Precious metals will benefit as China invests in more commodities, Lind-Waldock’s Klopfenstein said. The country has become the world’s biggest market for commodities-futures trading, Jiang Yang, the chairman assistant of the China Securities Regulatory Commission, said at a conference in Guangzhou on Nov. 6.

“Gold will benefit from any sovereign-debt fallout,” said Matthew Zeman, a metal trader at LaSalle Futures Group in Chicago. “Gold is going to continue to be bought on dips because no one believes the dollar can stage a significant rally.”
“The debt load that countries are carrying makes people want to go into gold,” LaSalle’s Zeman said.

The ability of gold and silver prices to hold up despite recent declines in the net long position of speculative accounts suggests that any correction in the metals could be modest, says Commerzbank. Gold overnight threatened $1,400 an ounce again and was just shy of 1,000 euros.  Commerzbank says “the reduction of (speculative long) positions has not been accompanied by falling prices in the case of gold and silver, so the correction potential for these two precious metals is likely to be limited in our view, even if we do see a further fall in positions.”

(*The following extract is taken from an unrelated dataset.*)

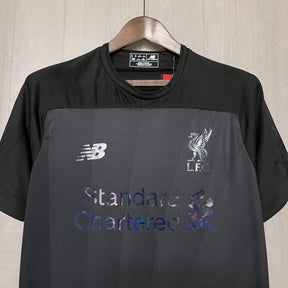 Camisa Liverpool Edição Especial 19/20 - Versão Retro All Black New Balance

Technical Analysis (by Jim Wyckoff):
Technically, December gold futures prices closed nearer the session high Monday. Gold bulls have the solid overall near-term and longer-term technical advantage, and gained more upside power Monday. A 3.5-month-old uptrend on the daily bar chart is in place.
Bulls' next near-term upside technical objective is to produce a close above technical resistance at $1,450.00. Bears' next near-term downside price objective is closing prices below solid technical support at $1,350.00. First resistance is seen at Monday's all-time high of $1,407.20 and then at $1,412.50.
Support is seen at $1,400.00 and then at $1,390.00.
Wyckoff's Market Rating: 9.5.

Daily Gold and Silver Expected Range:
Gold: US$1385- $1424
Silver: US$26.95 - $27.95

Weekly Technical Outlook ( by Phil Smith)
The market reacted to its very overbought condition after hitting a key Fibonacci Projection level on the daily

chart. It is now driving higher towards the next Projection level on the weekly as you can clearly see on the second chart.
I’ve put a Fibonacci Projection on this chart drawn from the points indicated and you can see that the 38.2 pct was significant as was the 61.8 pct although there was some penetration. The 61.8 pct was also support as you can see. According to this the long term first target is 1,454. But remember but all measures this market is well overbought.
Caution is needed. Check out the Relative Momentum Index which is at levels where pullbacks have occurred in the past. Overall the weekly gold chart is bullish but still overbought.